Oaxaca de Juárez, Oax., a 12 de enero 2026.- La presidenta del PRI en Oaxaca, Carmelita Ricárdez, lanzó una advertencia contundente sobre el rumbo que está tomando el país con la reforma electoral impulsada por Morena, al señalar que México enfrenta un proceso de deterioro democrático que avanza sin ruido, pero con efectos devastadores.
“La democracia no se rompe de un día para otro. Se va debilitando con reformas disfrazadas de técnicas, con decisiones que parecen menores, pero que en realidad desmontan los contrapesos que protegen la voluntad popular”, afirmó.
Ricárdez recordó que México ya vivió una etapa oscura en la que el gobierno organizaba, calificaba y decidía sus propias elecciones, lo que obligó a la sociedad a exigir árbitros autónomos y reglas claras. “Hoy quieren regresar a ese modelo, controlando a quienes deben vigilar el proceso electoral. Eso no es modernización: es regresión”, subrayó.
La dirigente priista advirtió que al someter a los órganos electorales al poder político, las elecciones dejan de ser un ejercicio ciudadano y se convierten en simples trámites. “Cuando el árbitro depende del mismo poder que debe vigilar, la democracia pierde su esencia”, puntualizó.
También alertó sobre la intención de eliminar o debilitar la representación proporcional, mecanismo que permite que distintas fuerzas políticas y sectores sociales tengan voz en el Congreso. “Sin pluralidad, un solo bloque puede adueñarse de todo. Eso significa silenciar millones de voces”, dijo.
Ricárdez criticó además la posible desaparición de los órganos electorales locales, lo que —señaló— golpea directamente al federalismo y a la diversidad del país. “Centralizar las elecciones no es eficiencia, es fragilidad.

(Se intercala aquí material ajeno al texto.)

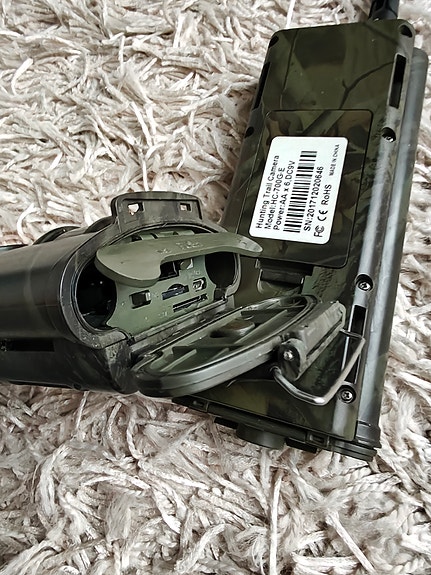 Product image 4 of 10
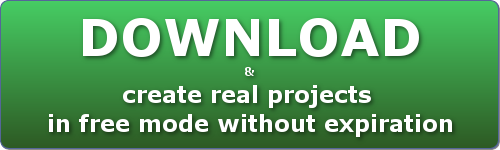 Download a free copy Dr.Explain software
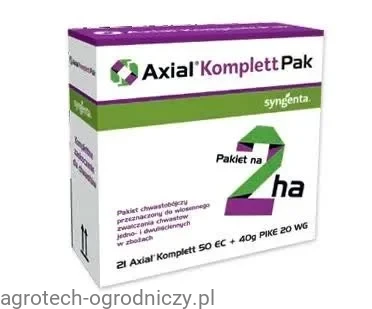 axial-komplett-pak-2ha-herbicyd-pszenica-pszenzyto-b-iext181916877.webp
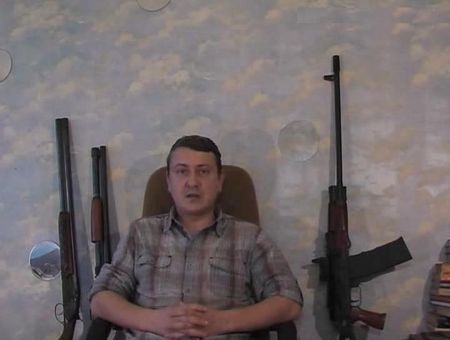 ���������-������ (2012) ���������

México no es uniforme y no puede gobernarse desde una sola oficina”, afirmó.
En un contexto de crisis cotidiana —con territorios fuera de control institucional, una economía debilitada y recursos públicos sin claridad—, la líder priista cuestionó la urgencia de modificar las reglas electorales. “¿Por qué cambiar el árbitro justo cuando la ciudadanía más necesita confiar en él?”, planteó.

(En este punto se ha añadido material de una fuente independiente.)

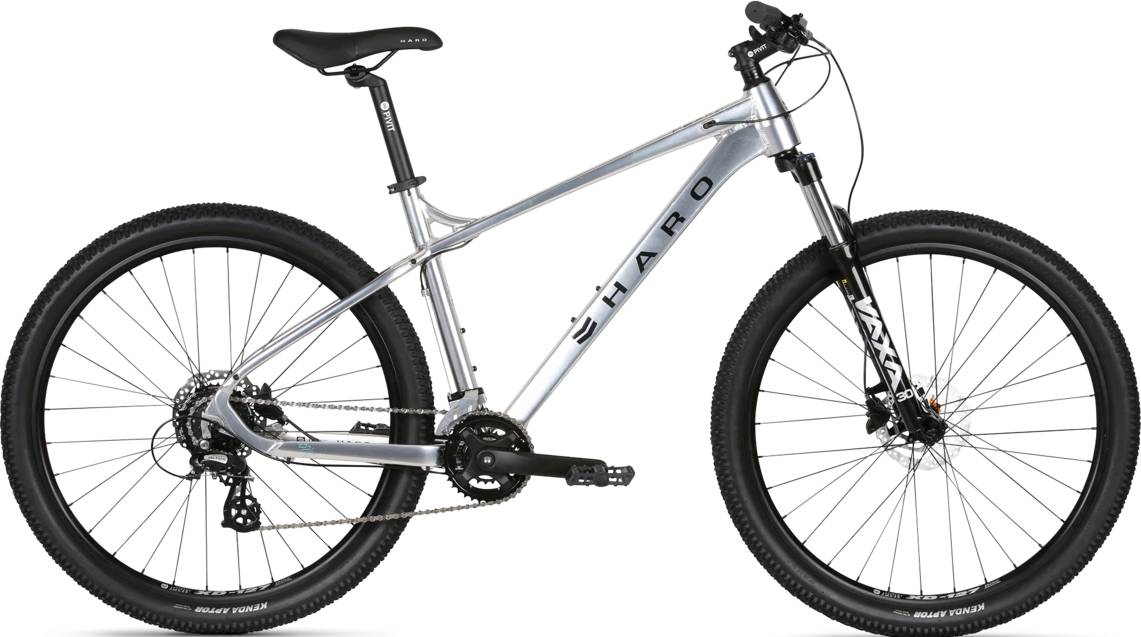 haro flightline sport 29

Ricárdez sostuvo que esta postura es congruente con la dirigencia nacional del PRI, encabezada por el senador Alejandro Moreno, quien ha advertido que la reforma electoral de Morena pone en riesgo el equilibrio democrático y la legitimidad de los procesos futuros.
“El PRI Oaxaca no va a ser cómplice del desmantelamiento democrático. Exigimos reglas claras, instituciones autónomas y un Congreso que refleje la pluralidad del país. Cualquier reforma que vaya en sentido contrario debe corregirse”, sentenció.
Finalmente, Carmelita Ricárdez afirmó que lo que está en juego no es una elección, sino el derecho de cada persona a decidir sin miedo ni manipulación. “La democracia no se negocia. Se defiende”, concluyó.